Qi Meeting Aug 20 2025 - drym-org/qi GitHub Wiki
Doing More With Less
Qi Meeting August 20 2025
Adjacent meetings: Previous | Up | Next
Summary
We debugged an issue blocking deforesting producers and found a way forward. We also discussed representing streams in the core language (aka "Qi Enterprise Edition").
Background
Dominik has been working on refactoring deforestation so that the stream semantics of each sequence operation are encapsulated in the definition, instead of being separately injected within the compiler by matching the name of the form. Refactoring transformers in this way went smoothly, but producers presented some challenges due to the need to inject implicit producers when there aren't any explicitly indicated.
Defining Producers
With recent progress, stream transformers are already well on their way to being uniformly defined with define-deforestable, and Dominik doesn't anticipate any special challenges to incorporating all remaining transformers. So, alongside making incremental progress on that, he's also been exploring stream producers as the next target for this kind of streamlining, to reveal and confront any unknowns there.
He first created a producer variant of define-deforestable, which now accepts a #:producer flag marking the definition as a producer through the various stages of compilation.
He then used this form to define the implicit producer, list->cstream, which converts a list into a stream. This form is injected into the syntax at the start of a deforestable sequence, if no explicit stream producer (such as range) is indicated.
So far, so good.
Deforestable Patterns
For singleton stream components that occur in isolation, there is no performance benefit to deforestation, and indeed, perhaps a cost, so we use the naive or "fallback" implementation in such cases. For any nontrivial sequence, of length > 1, we match it against the following comprehensive, yet simple, patterns, corresponding to 4 distinct cases.
- transformer*
- producer, transformer*
- transformer*, consumer
- producer, transformer*, consumer
The last of these represents the full lifecycle of a stream --- something produces it, it may undergo various transformations, and then something consumes it. When the input syntax matches this last pattern, nothing needs to be done aside from compiling these matched forms together to their implied fused stream (rather than separately to their respective fallback runtimes).
But in each of the former three cases, the stream is incomplete. Either a producer is missing, or a consumer, or both. In these cases, in order to have a well-formed stream, we must inject the implicit stream or unstream operation at either or both ends of the pipeline.

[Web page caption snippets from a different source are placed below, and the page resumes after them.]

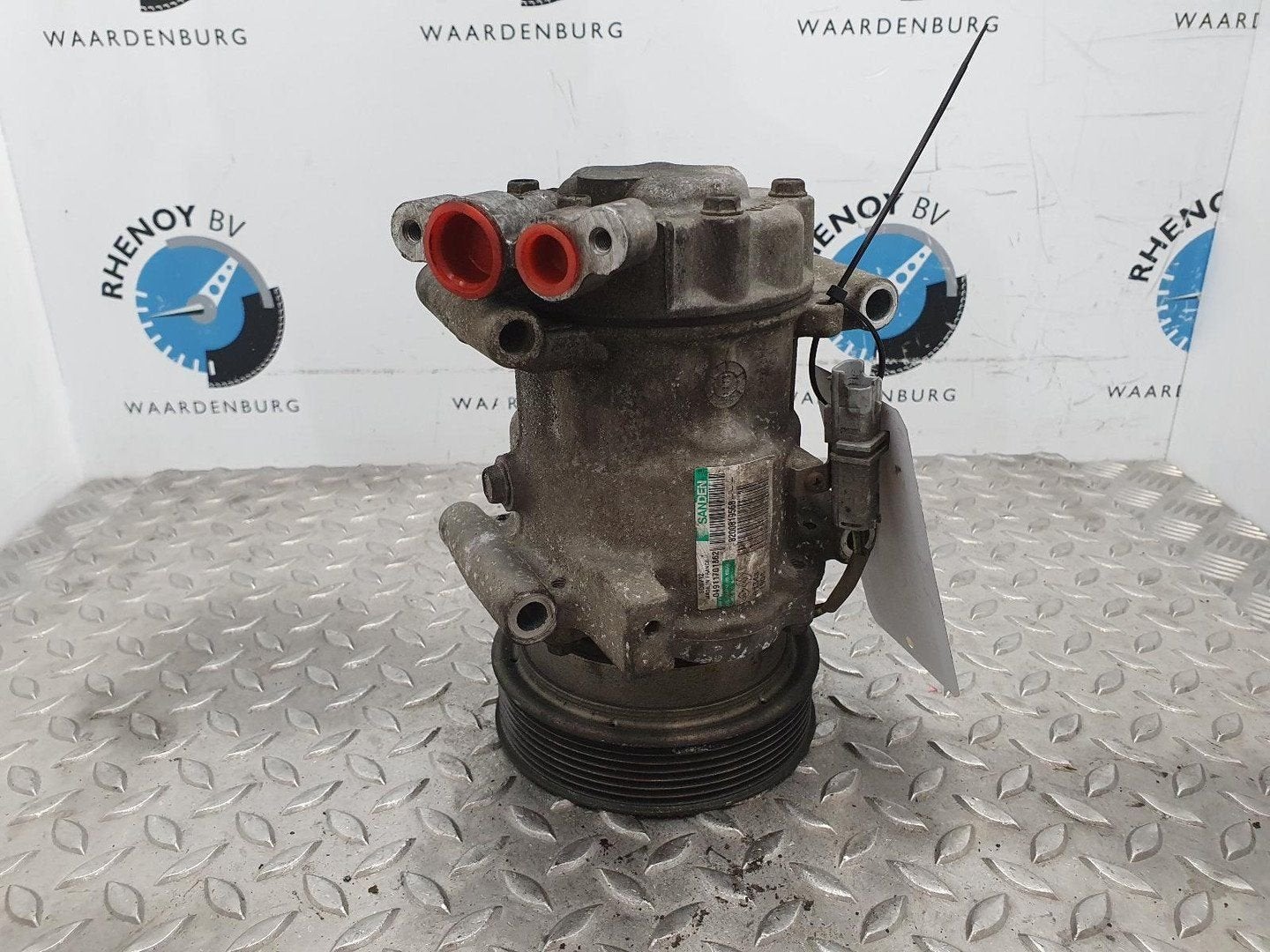RENAULT CLIO 1.2-16V Special Line  AIRCO COMPRESSOR / AIRCOP, Enlèvement ou Envoi, Utilisé, ARN reconnu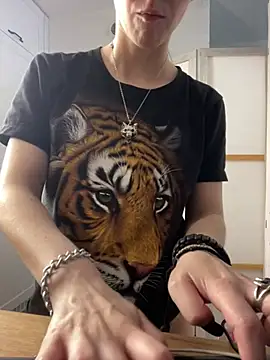 MartiniiSelenna webcam
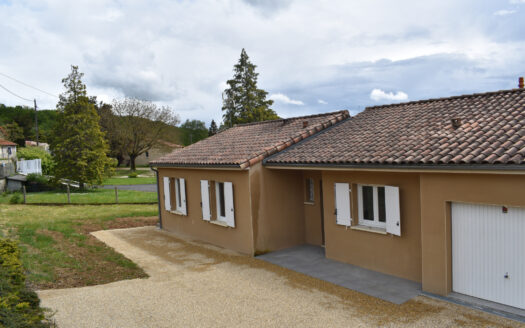 ANB Immobilier presents this single-storey house offering a spacious and functional living space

Formerly, this was being done entirely in the compiler by injecting a simple datum literal for either a producer or a consumer, and then generating the runtime from this well-formed stream.
But now that streams are officially (though minimally, at this time) part of the core language via the #%deforestable form, Dominik took it upon himself to explicitly define the stream and unstream operations as (trivial) deforestable operations, which simply convert streams to and from lists (their current behavior). Thus, the patterns in the compiler could match actual, formally complete, streams, instead of relying on crude datum matching on manufactured syntax.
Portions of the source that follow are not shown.